My program uses the CUDA Radix Sort Class. After an update from CUDA 4.0 to 4.2 a class auxiliary init function is crashing with the message “Stack around the variable ‘devprop’ was corrupted”. I have isolated the problem commenting some function code and found that cudaGetDeviceProperties is corrupting devprop. I just don’t know why this is happening and how to fix the problem. My setup is CUDA 4.2, dev driver 301.32, Nsight 2.2, Windows 7 64 bits, compiling for Win32. The following snippet has the crashing initDeviceParameters() auxiliary function:
namespace nvRadixSort
{
#include "radixsort.h"
#include "cudpp/cudpp.h"
#include <stdio.h>
#include <assert.h>
bool bManualCoalesce = false;
bool bUsePersistentCTAs = false;
void initDeviceParameters(bool keysOnly)
{
int deviceID = -1;
if(cudaSuccess == cudaGetDevice(&deviceID))
{
cudaDeviceProp devprop;
cudaGetDeviceProperties(&devprop, deviceID);
int smVersion = devprop.major * 10 + devprop.minor;
// sm_12 and later devices don't need help with coalesce in reorderData kernel
bManualCoalesce = (smVersion < 12);
bUsePersistentCTAs = (smVersion < 20);
if(bUsePersistentCTAs)
{
//Irrelevant.
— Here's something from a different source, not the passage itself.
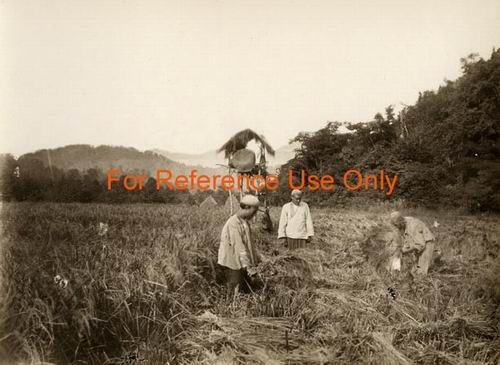 Workers harvesting rice, [1870s - 1928].jpg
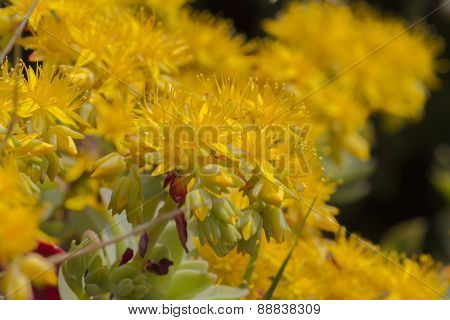 Yellow Rock Sedum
My setup is 2.1
}
}
}
}
And this is the relevant class code:
#include <cuda_runtime_api.h>
#include "cudpp/cudpp.h"
namespace nvRadixSort
{
class RadixSort
{
public:
RadixSort(unsigned int maxElements, bool keysOnly = false)
: mScanPlan(0),
mNumElements(0),
mTempKeys(0),
mTempValues(0),
mCounters(0),
mCountersSum(0),
mBlockOffsets(0)
{
// Allocate temporary storage
initialize(maxElements, keysOnly);
}
protected: // data
CUDPPHandle mCudppContext;
CUDPPHandle mScanPlan; // CUDPP plan handle for prefix sum
unsigned int mNumElements; // Number of elements of temp storage allocated
unsigned int *mTempKeys; // Intermediate storage for keys
unsigned int *mTempValues; // Intermediate storage for values
unsigned int *mCounters; // Counter for each radix
unsigned int *mCountersSum; // Prefix sum of radix counters
unsigned int *mBlockOffsets; // Global offsets of each radix in each block
protected: // methods
void initialize(unsigned int numElements, bool keysOnly)
{
// initialize parameters based on present CUDA device
initDeviceParameters(keysOnly);
// Allocate temporary storage
mNumElements = numElements;
unsigned int numBlocks = ((numElements % (CTA_SIZE * 4)) == 0) ?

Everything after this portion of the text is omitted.